Unveil your beautiful, glowing skin with the daily, gentle exfoliators found in New Dove Exfoliating Bar and Body Wash.


----------



## Haloinrverse (Jan 13, 2005)

do you know if it smells like the dove bar with the blue scrubby things in it?


----------



## NYAngel98 (Jan 13, 2005)

MMMMMM... I'll have to scoop that up! I love Dove stuff... I love the deodorant, smells delish'! I also just bought their new "anti-frizz" cream and 'shape &amp; control" mousse - will be trying them tomorrow! Hope it smells like all the other Dove stuff - love that smell!


----------



## Geek2 (Jan 13, 2005)

Thanks for the info! I gotta check this out to see if it's in the stores here.


----------



## Laura (Jan 13, 2005)

Originally Posted by *Haloinrverse* do you know if it smells like the dove bar with the blue scrubby things in it? I'm not sure Jasmine, i don't think i ever used the dove bar with blue scrubby things in it!!!


----------



## keaLoha (Jan 13, 2005)

Thanks! I'll keep this in mind. I tried Dove's Aromatherapy wash &amp; wasn't impressed. Perhaps this will change my mind about Dove.


----------



## Haloinrverse (Jan 13, 2005)

Originally Posted by *Laura* I'm not sure Jasmine, i don't think i ever used the dove bar with blue scrubby things in it!!! ahh, darn. cause that bar smells fab.

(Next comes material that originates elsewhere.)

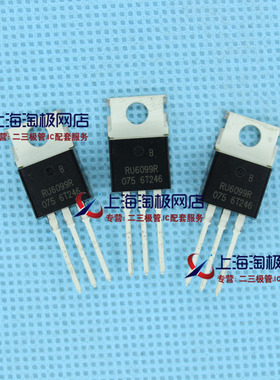 RU6099R 全新原装 锐骏品牌 55V 110A可代替IRF3205 MOS场效应管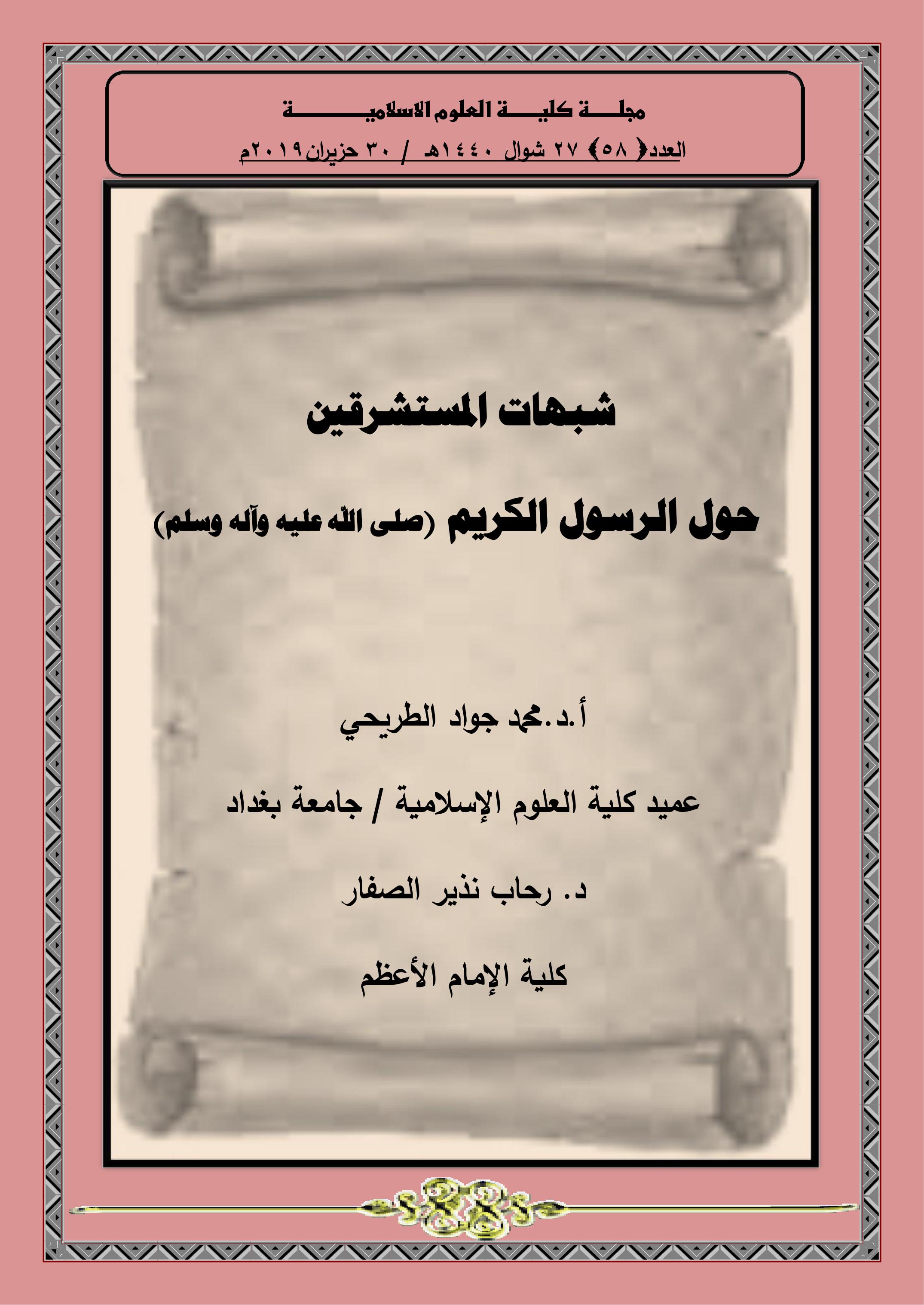 شبهات المستشرقين  حول الرسول الكريم (صلى الله عليه وآله وسلم)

but the last thing i need is another shower gel!


----------



## Haloinrverse (Jan 14, 2005)

i checked it out today and was able to restrain myself. if anyone else is curious, they do have the same scent.


----------



## Laura (Jan 14, 2005)

Oh so it does smell like the bar with blue scrubby things in it!!


----------



## NYAngel98 (Jan 21, 2005)

oooh! I'm going to have to check this out! Welcome back cara! Nice to see you!


----------



## Laura (Jan 21, 2005)

That's cool that i'm not the only one using it! Its great Cara, isn't it.. See girls, i AM right


----------